Question: Do you see any patterns with how the example elementary matrices look?

\[ \begin{aligned} \mathbf{E_1} = \begin{pmatrix} 0 & 1 & 0 \\ 1 & 0 & 0 \\ 0 & 0 & 1 \end{pmatrix} && \mathbf{E_2} = \begin{pmatrix} 1 & 0 & 0 \\ 0 & 1 & 0 \\ 2 & 0 & 1 \end{pmatrix} && \mathbf{E_3} = \begin{pmatrix} 1 & 0 & 0 \\ 0 & 3 & 0 \\ 0 & 0 & 1 \end{pmatrix} \end{aligned} \]

The elementary matrices look like the identity matrix \(\mathbf{I}\) with an elementary row operation applied to \(\mathbf{I}\). In fact, this leads us to this general fact:

Fact: If an elementary row matrix is applied to the \(m \times n\) matrix \(\mathbf{A}\), the result of this elementary row operation applied to \(\mathbf{A}\) can be written as \(\mathbf{E} \mathbf{A}\) where \(\mathbf{E}\) is the \(m \times m\) identity matrix \(\mathbf{I}\) with the respective elementary row operation applied to \(\mathbf{I}\).

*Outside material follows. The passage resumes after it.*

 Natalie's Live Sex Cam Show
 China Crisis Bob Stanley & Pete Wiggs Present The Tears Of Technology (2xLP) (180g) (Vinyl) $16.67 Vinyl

Fact: Each elementary matrix \(\mathbf{E}\) is invertible

Example 9.5 In class

The next theorem is quite important as the result gives an algorithm for calculating the inverse of a \(n \times n\) matrix \(\mathbf{A}\) which also makes it possible to solve matrix equations \(\mathbf{A}\mathbf{x} = \mathbf{b}\)

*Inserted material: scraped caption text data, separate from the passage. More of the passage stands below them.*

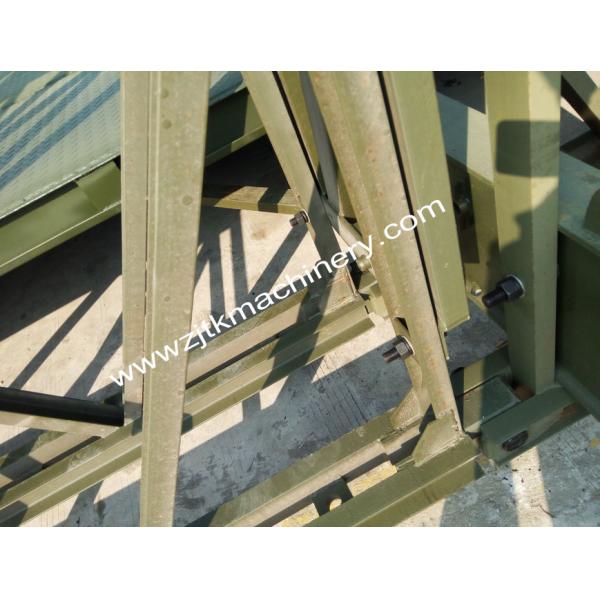 Bailey bridge , Compact 200，single lane ,4.2m ,Heavy Loading,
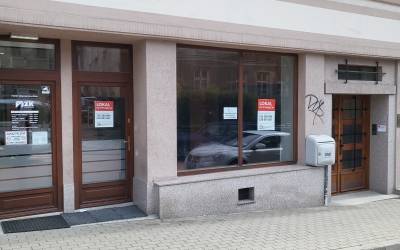 Lokal użytkowy Bielsko-Biała Krasińskiego 6 21,20 m2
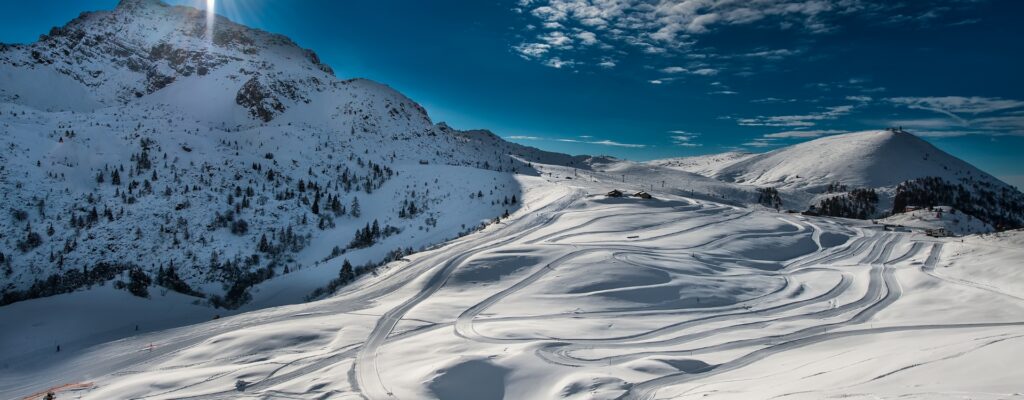 wintersport milieuvignet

Theorem 9.4 If an \(n \times n\) matrix \(\mathbf{A}\) is invertible, then \(\mathbf{A}\) is row-equivalent to \(\mathbf{I}\) (\(\mathbf{A} \sim \mathbf{I}\); row-equivalent means \(\mathbf{A}\) can be reduced to \(\mathbf{I}\) using elementary row operations). The row-equivalency implies that there is a series of elementary row operations (e.g., elementary matrices \(\mathbf{E}_1, \ldots, \mathbf{E}_k\)) that converts \(\mathbf{A}\) to \(\mathbf{I}\). In addition, the application of these row matrices to \(\mathbf{I}\) transforms \(\mathbf{I}\) to the matrix inverse \(\mathbf{A}^{-1}\).

Proof: in class

9.2 Finding the inverse of \(\mathbf{A}\)

The previous theorem states that for a \(n \times n\) invertible matrix \(\mathbf{A}\), the elementary row operations that covert \(\mathbf{A}\) to \(\mathbf{I}\) also convert \(\mathbf{I}\) to \(\mathbf{A}^{-1}\). This suggests an algorithm for finding the inverse \(\mathbf{A}^{-1}\) of \(\mathbf{A}\):

Create the augmented matrix \(\begin{pmatrix} \mathbf{A} & \mathbf{I} \end{pmatrix}\) and row reduce the augmented matrix. If the row-reduced augmented matrix is of the form \(\begin{pmatrix} \mathbf{I} & \mathbf{A}^{-1} \end{pmatrix}\) then \(\mathbf{A}^{-1}\) is the inverse of \(\mathbf{A}\). If the leading matrix in the augmented matrix is not the identity matrix \(\mathbf{I}\), then \(\mathbf{A}\) is not row equivalent to \(\mathbf{I}\) and is therefore not invertible.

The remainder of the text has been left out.